[THE DATA]

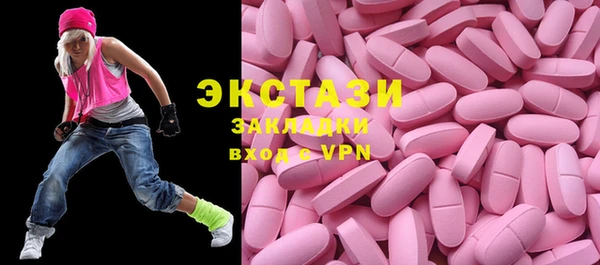 хмурый Абинск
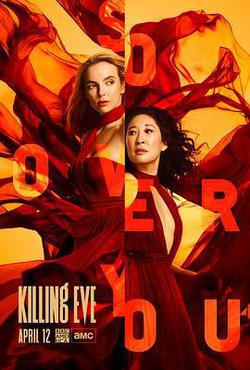 殺死伊芙 第三季(Killing Eve Season 3)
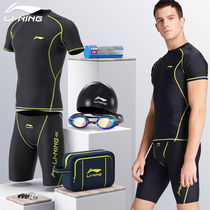 Li Ning swimming trunks men Professional flat angle large size quick-drying mens swimsuit swimming goggles swimming cap set diving swimming equipment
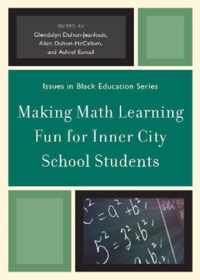 Making Math Learning Fun for Inner City School Students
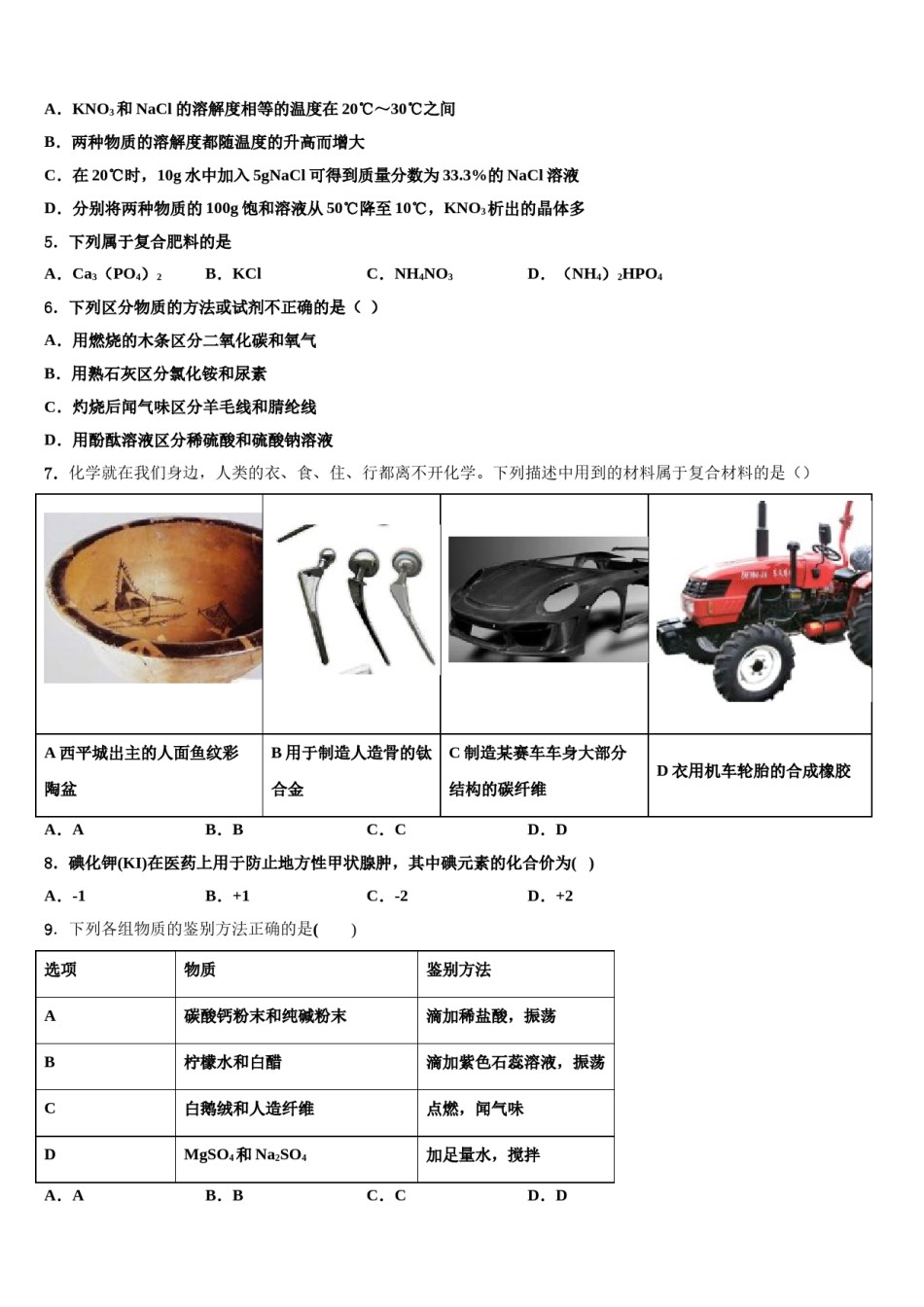 2023-2024学年四川省眉山市洪雅县重点达标名校中考化学模拟精编试卷含解析.doc_第2页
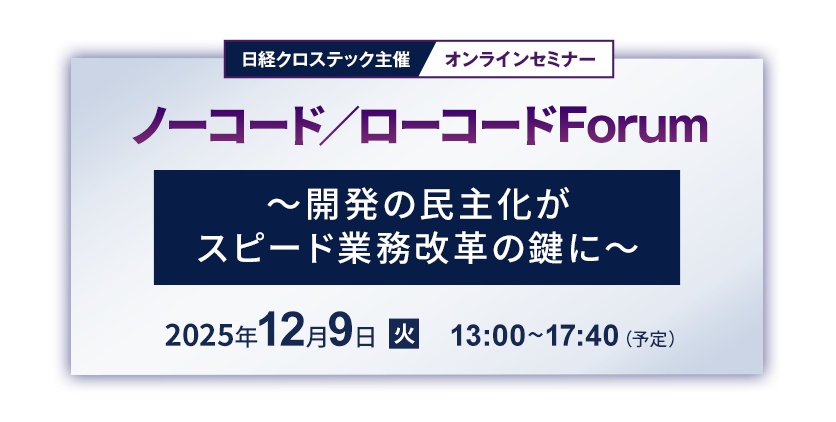ノーコード／ローコードForum～開発の民主化がスピード業務改革の鍵に～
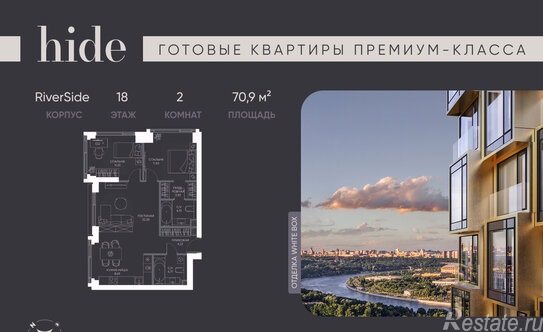 Продажа 3-комн квартиры на вторичном рынке Сетуньский 1-й проезд,  д. 8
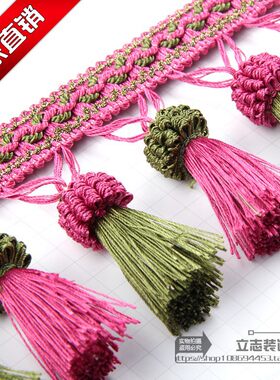 特价厂家直销窗帘辅料花边灯罩装饰沙发配件婚庆流苏双色草莓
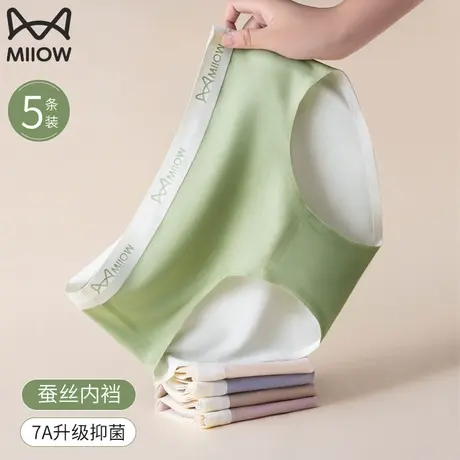 猫人女士内裤无痕凉感透气短裤桑蚕丝抗菌裆不夹臀薄款夏季少女生商品大图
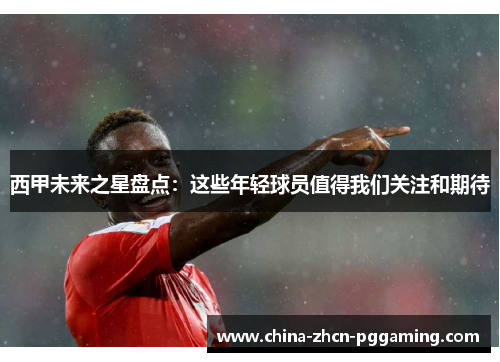 西甲未来之星盘点:这些年轻球员值得我们关注和期待 西甲未来之星盘点:这些年轻球员值得我们关注和期待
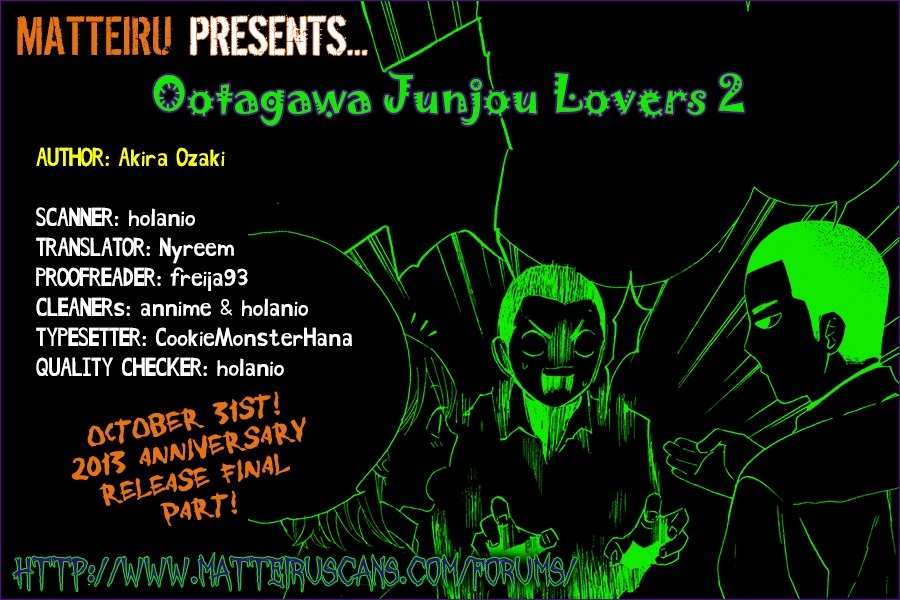 Ootagawa Junjou Lovers Chapter 2 page 1 - Chapter 2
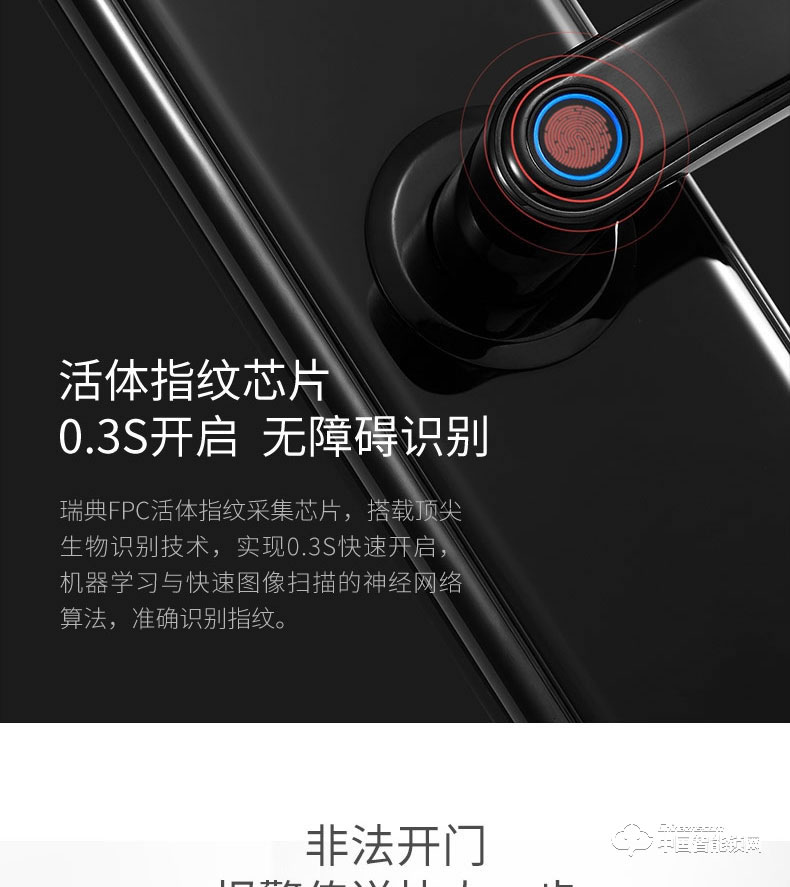 万佳安腾讯云智能锁I9青年版 直板指纹密码锁 防盗智能门锁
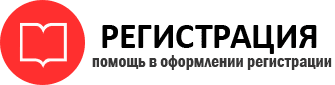 прописка в Иланском id55835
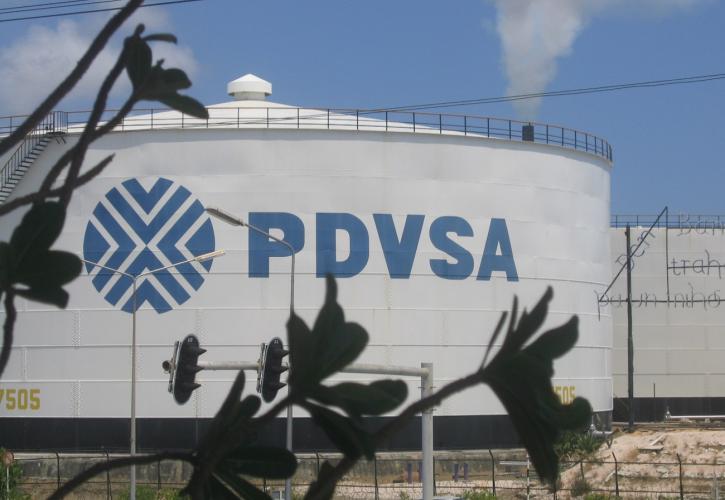 Η ρωσική Gazprombank παγώνει τους λογαριασμούς της PDVSA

[/THE DATA]

Return, exactly as they stand, all of the lines above, but not the pictures.

RESULT BELOW:
 хмурый Абинск
 殺死伊芙 第三季(Killing Eve Season 3)
 Li Ning swimming trunks men Professional flat angle large size quick-drying mens swimsuit swimming goggles swimming cap set diving swimming equipment
 Making Math Learning Fun for Inner City School Students
 2023-2024学年四川省眉山市洪雅县重点达标名校中考化学模拟精编试卷含解析.doc_第2页
ノーコード／ローコードForum～開発の民主化がスピード業務改革の鍵に～
 Продажа 3-комн квартиры на вторичном рынке Сетуньский 1-й проезд,  д. 8
 特价厂家直销窗帘辅料花边灯罩装饰沙发配件婚庆流苏双色草莓
 猫人女士内裤无痕凉感透气短裤桑蚕丝抗菌裆不夹臀薄款夏季少女生商品大图
 西甲未来之星盘点:这些年轻球员值得我们关注和期待 西甲未来之星盘点:这些年轻球员值得我们关注和期待
 Ootagawa Junjou Lovers Chapter 2 page 1 - Chapter 2
 万佳安腾讯云智能锁I9青年版 直板指纹密码锁 防盗智能门锁
 прописка в Иланском id55835
 Η ρωσική Gazprombank παγώνει τους λογαριασμούς της PDVSA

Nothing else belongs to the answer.